───── PROVIDED RECORDS
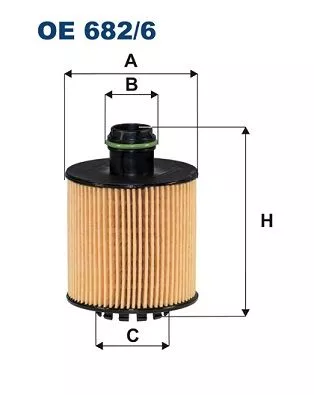 Oliefilter FILTRON OE 682/6)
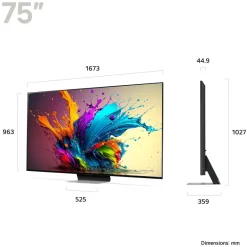 LG 75QNED91T6A QNED91 75 Inch 4K HDR QNED Smart TV 2024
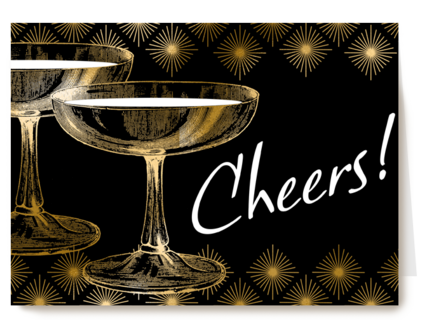 verjaardag kaart vrouw cheers
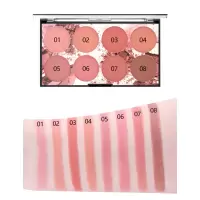 Miss Rose 腮红盘 6色胭脂持久橘色修容自然 blush Blusher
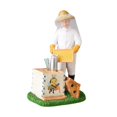 thumbnail image 4 of CoudarTitie Beekeeping Art Statue, Resin Figurine, Artwork, Ornament, Sculpture for Desktop, Inspecting Honeycomb, 4 of 9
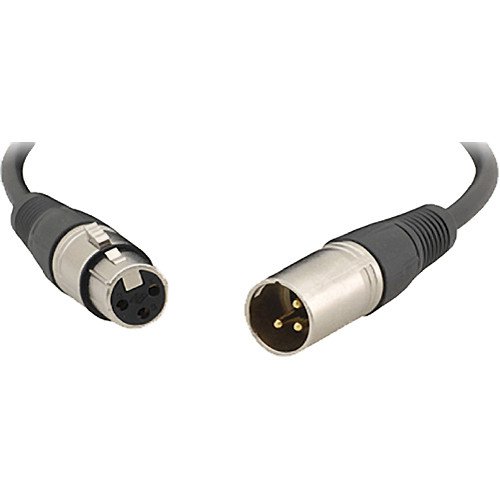 Kramer 3-Pin XLR Male to 3-Pin XLR Female Quad-Style Cable Cable - 0.30m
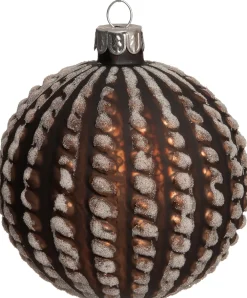 Best  Weihnachtskugel Danna braun / weiß D 8 cm Weihnachtskugeln & -Anhänger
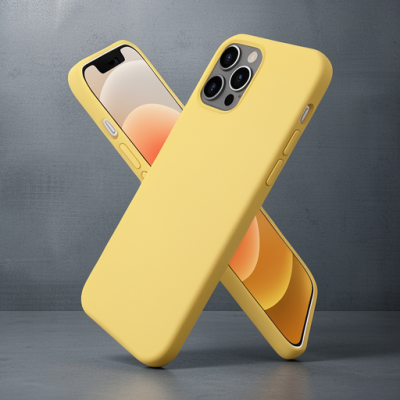 Apple İphone 12 Pro Max Kılıf First Silikon - Sarı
──────────
# TASK DETAILS
Please give the records again word for word, omitting all images.

# COMPLETED EXERCISE
 Oliefilter FILTRON OE 682/6)
 LG 75QNED91T6A QNED91 75 Inch 4K HDR QNED Smart TV 2024
 verjaardag kaart vrouw cheers
 Miss Rose 腮红盘 6色胭脂持久橘色修容自然 blush Blusher
 thumbnail image 4 of CoudarTitie Beekeeping Art Statue, Resin Figurine, Artwork, Ornament, Sculpture for Desktop, Inspecting Honeycomb, 4 of 9
 Kramer 3-Pin XLR Male to 3-Pin XLR Female Quad-Style Cable Cable - 0.30m
 Best  Weihnachtskugel Danna braun / weiß D 8 cm Weihnachtskugeln & -Anhänger
 Apple İphone 12 Pro Max Kılıf First Silikon - Sarı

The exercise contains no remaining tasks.